Zhong Wen (Jackie Chan) is a Chinese police captain who is finding life getting the better of him as he wakes up in the back of a cab outside a nightclub. He pays the driver and manages to enter the establishment after negotiating the doorman, but inside he feels very out of place among the clubbers and bosses. However, it is one person he is there to see, and that's his daughter, Miao (Jing Tian), who is hanging out there because she knows the owner, Wu Jiang (Liu Ye) and partly to get back at her father for his perceived inadequacies in looking after her. Their conversation does not go well, but just as Wen is about to give up, he is distracted: a hostage situation can tend to have that effect.
Although this was titled Police Story: Lockdown, it was neither a sequel to the classic Police Story series that made Jackie Chan one of the biggest stars on the planet, nor was it a sequel to New Police Story which was a more serious reboot of the franchise that didn't quite take around ten years before.

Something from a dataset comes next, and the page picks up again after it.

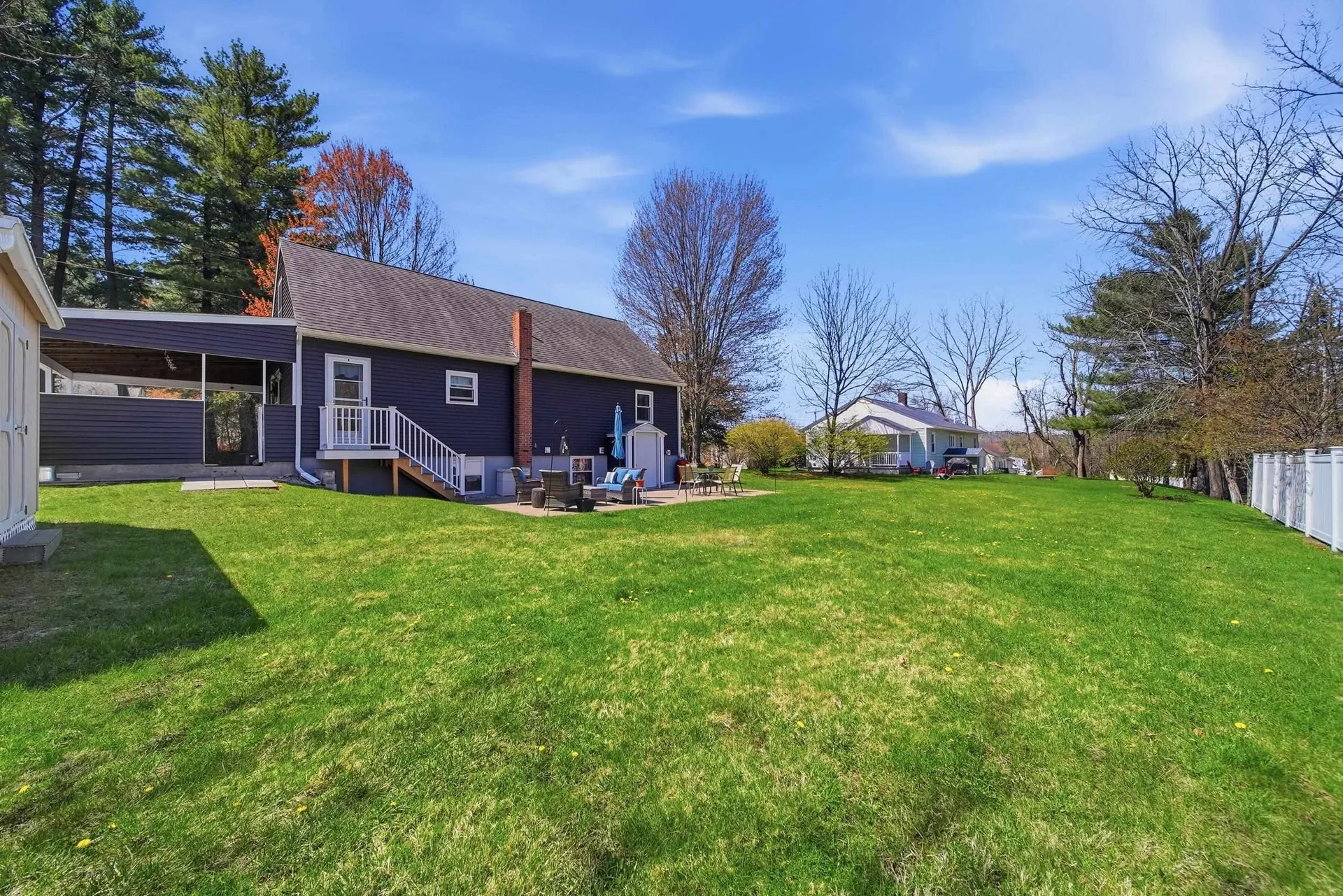 76 Granite Street Hooksett NH 03106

This may have been intended as another reboot, but it was difficult to tell; what wasn't difficult to make out was the fact that compared to the previous effort to bear this title, it was if anything even more grave, to the point of glum, with very little in the way of bright spots when once again in this late stage in his career Chan was seeking to demonstrate his thespian chops in a sincere manner.
Whether he actually needed to do so when he was so beloved for making audiences laugh and gasp, often simultaneously, was a different matter, and there was a sense of him pushing back against his image unnecessarily, as if he didn't quite trust the skills that brought him such enormous success, hitting a midlife crisis later than most men are supposed to, closer to a more pensionable age. With that in mind, perhaps a better title for Police Story: Lockdown would have been Crime Story: Lockdown, as it was in that vein of "I want you to take me very seriously" reshaping of a star who had hitherto been best known for his humorous antics, albeit not exclusively, but that was what had gathered his legions of adoring fans.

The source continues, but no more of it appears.